[Extracted data entries]
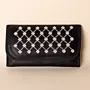 Geometric Leather Long Wallet – Black with White Diamond Detail – 20x10x2 cm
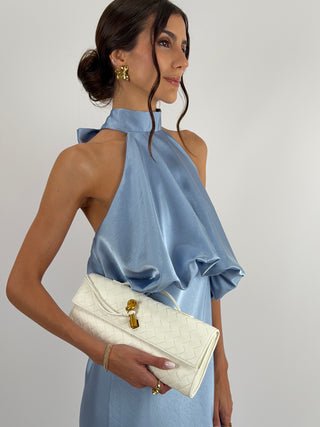 Abito Satin con Top a Balza Azzurro Polvere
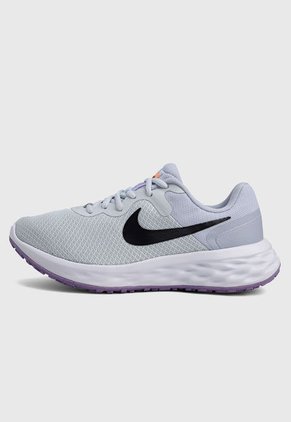 Tenis Running Gris-Negro-Violeta Nike Revolution 6 Next Nature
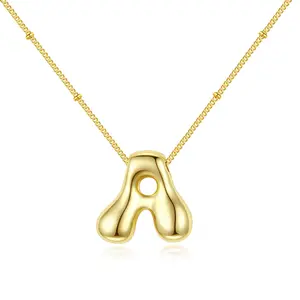 Letter Necklace Bubble Initial Pendant Necklaces for Women Cute Alphabet 14K Gold Plated Design Balloon Puffy Name Personalized Teen Jewelry
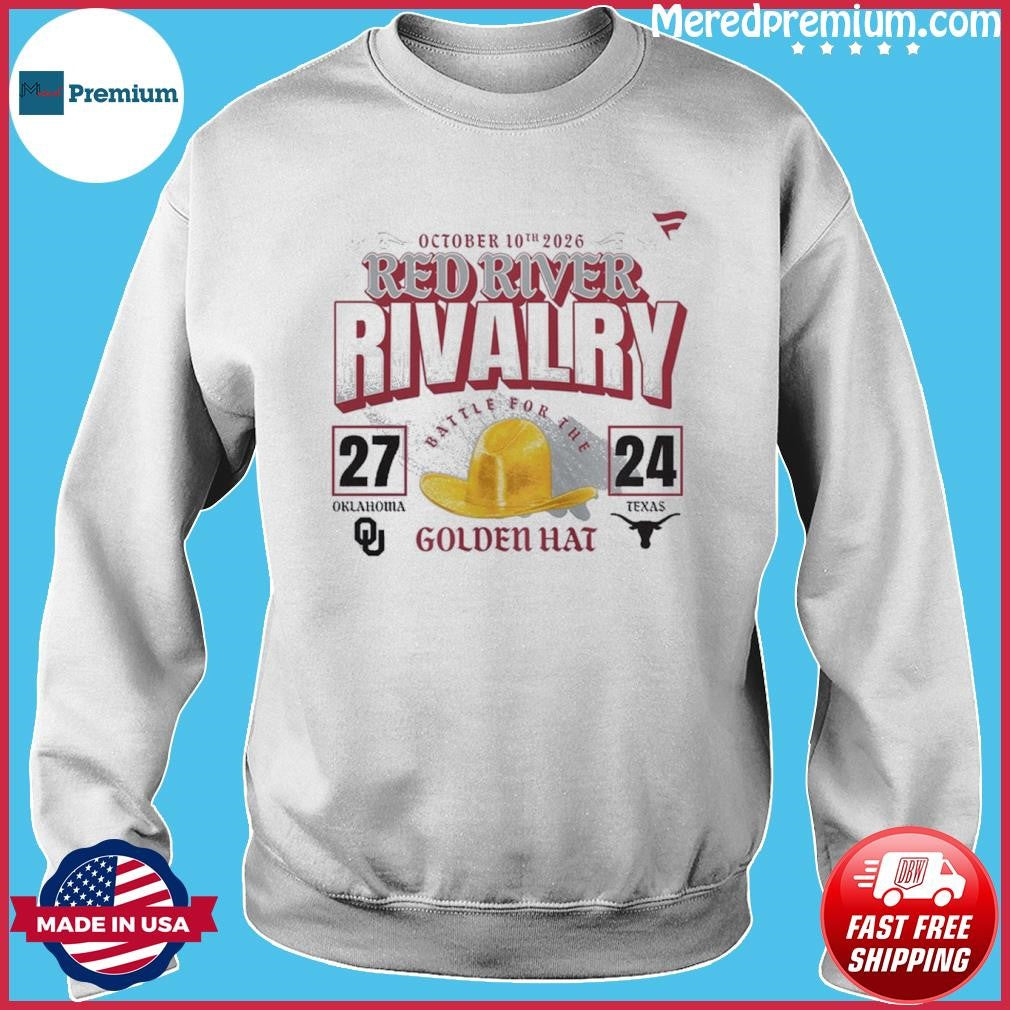 October 10th 2026 Red River Rivalry Oklahoma 27-24 Texas Golden Hat T-Shirt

> [EXERCISE OBJECTIVE] Please write out every record above exactly, but leave the pictures out.

> [SOLUTION]
 Geometric Leather Long Wallet – Black with White Diamond Detail – 20x10x2 cm
 Abito Satin con Top a Balza Azzurro Polvere
 Tenis Running Gris-Negro-Violeta Nike Revolution 6 Next Nature
 Letter Necklace Bubble Initial Pendant Necklaces for Women Cute Alphabet 14K Gold Plated Design Balloon Puffy Name Personalized Teen Jewelry
 October 10th 2026 Red River Rivalry Oklahoma 27-24 Texas Golden Hat T-Shirt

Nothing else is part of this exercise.